What this task involves:
Using the data below, output a verbatim copy of the lines between the one holding "Расческа для шампуня" and the one holding "Grey sweater - Picture 2 of 3", inclusive, without any pictures.
[Input Boundary: Start]
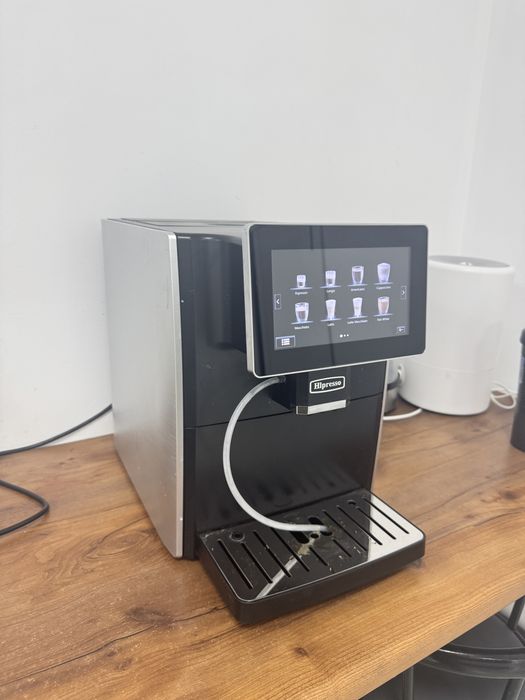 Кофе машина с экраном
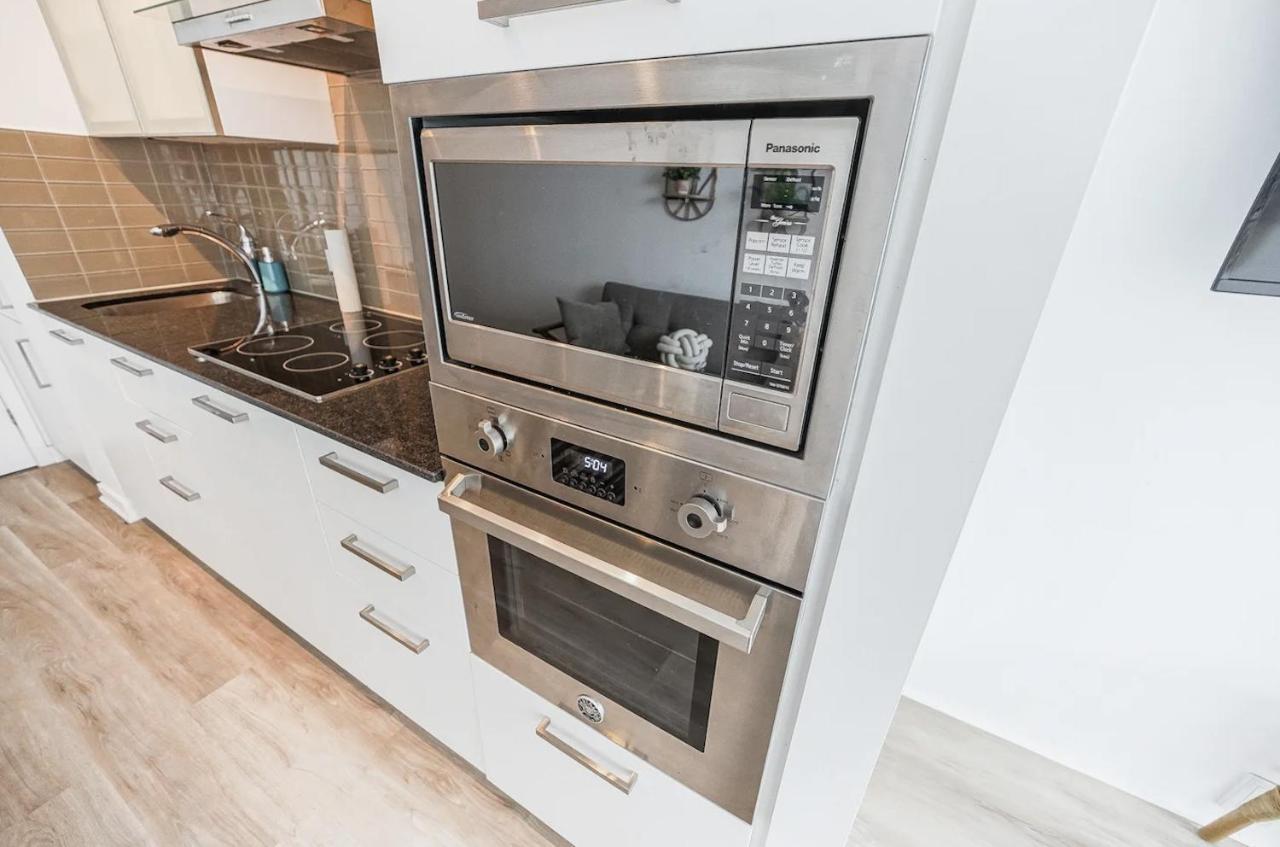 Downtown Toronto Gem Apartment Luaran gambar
[Input Boundary: End]
[Input Boundary: Start]
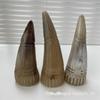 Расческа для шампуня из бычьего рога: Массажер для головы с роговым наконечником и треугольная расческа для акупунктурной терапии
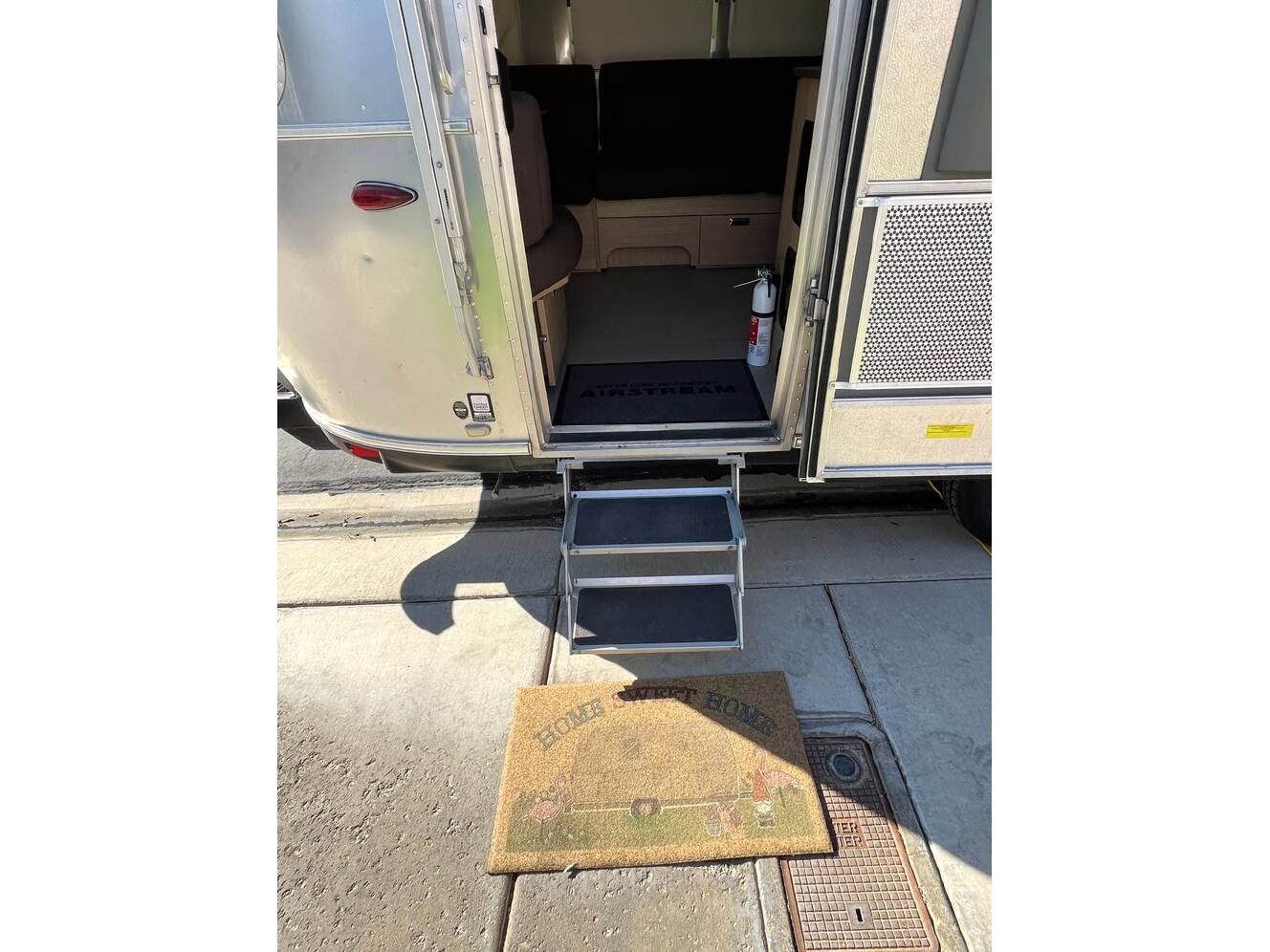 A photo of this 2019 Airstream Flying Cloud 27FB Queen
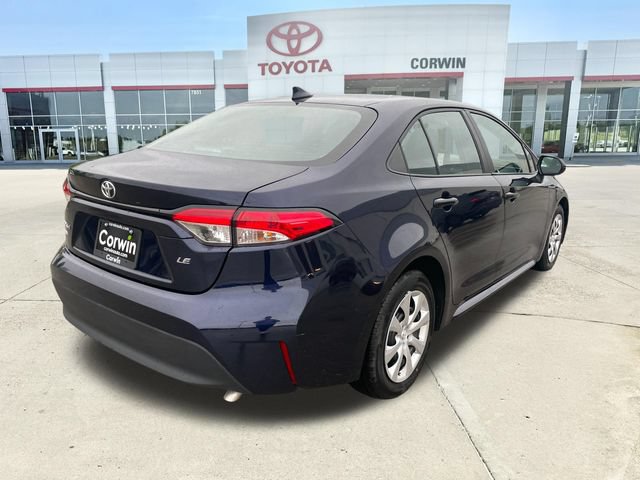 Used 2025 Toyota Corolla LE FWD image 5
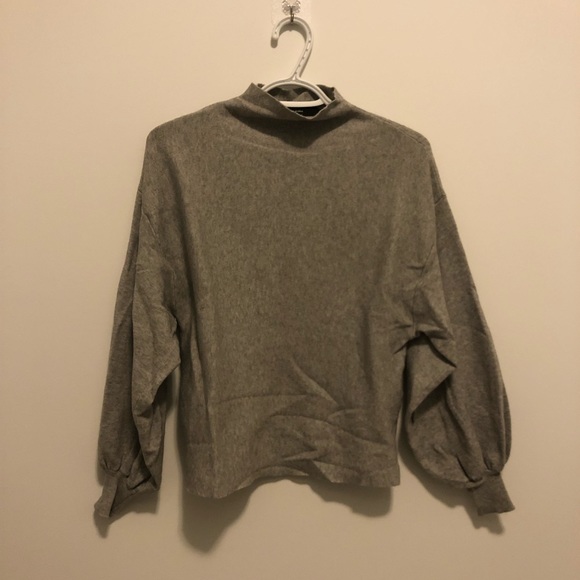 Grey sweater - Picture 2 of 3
[Input Boundary: End]
[Input Boundary: Start]
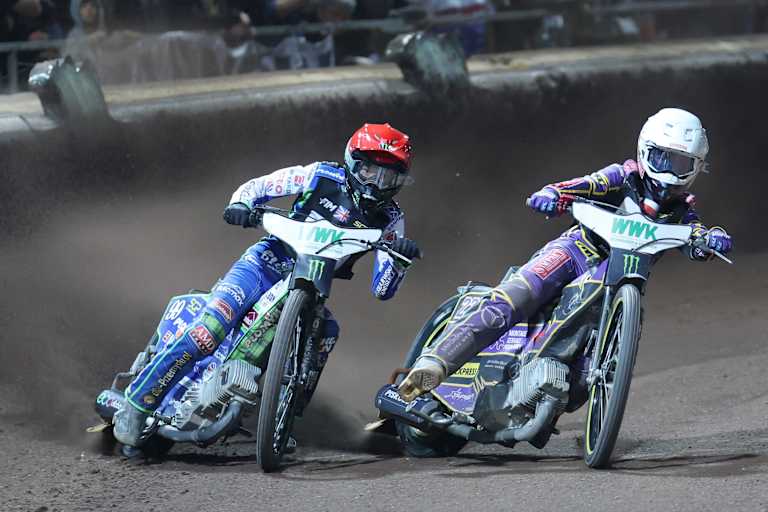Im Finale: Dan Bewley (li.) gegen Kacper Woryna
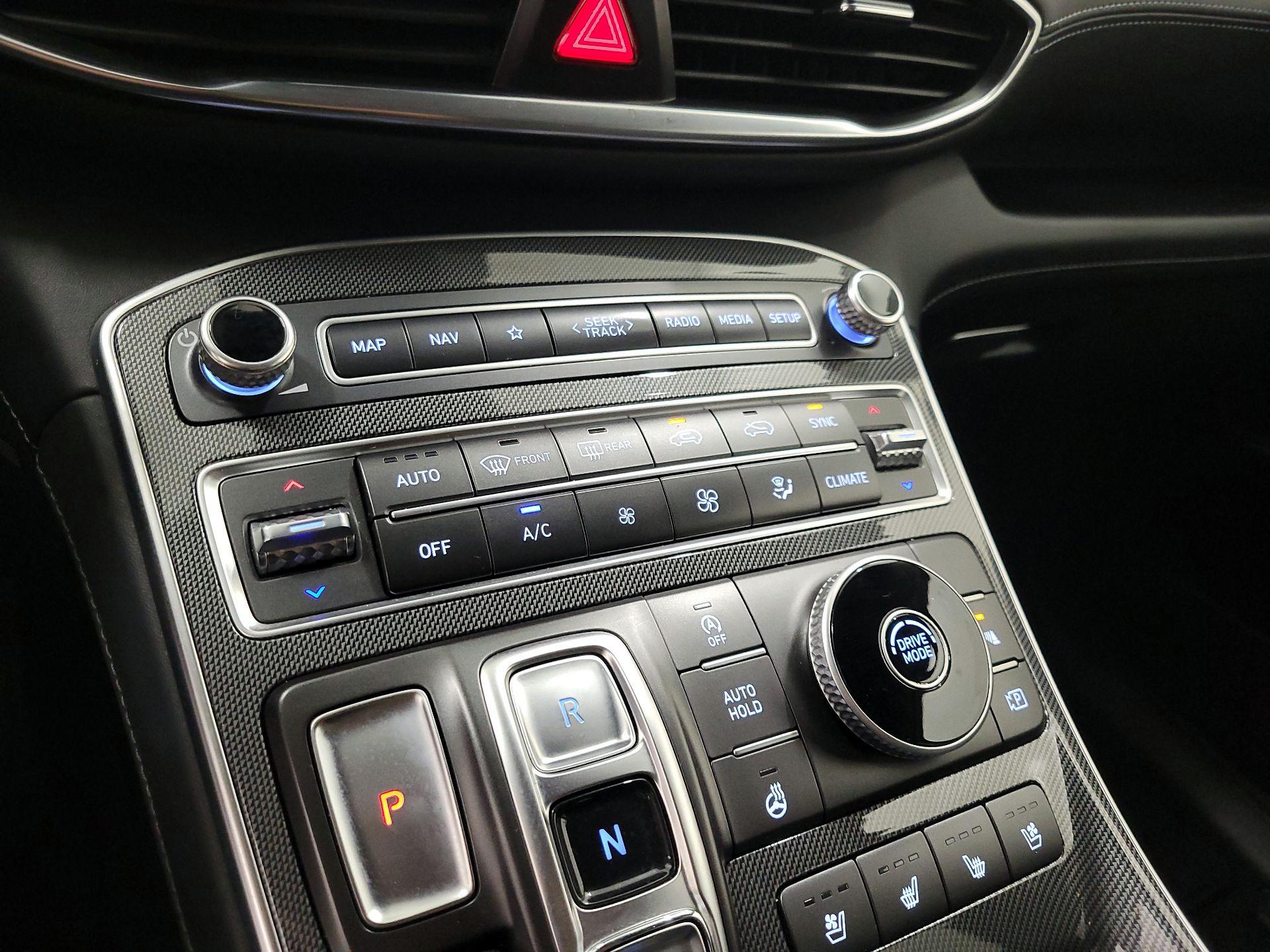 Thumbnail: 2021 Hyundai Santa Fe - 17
[Input Boundary: End]
Reply:
 Расческа для шампуня из бычьего рога: Массажер для головы с роговым наконечником и треугольная расческа для акупунктурной терапии
 A photo of this 2019 Airstream Flying Cloud 27FB Queen
 Used 2025 Toyota Corolla LE FWD image 5
 Grey sweater - Picture 2 of 3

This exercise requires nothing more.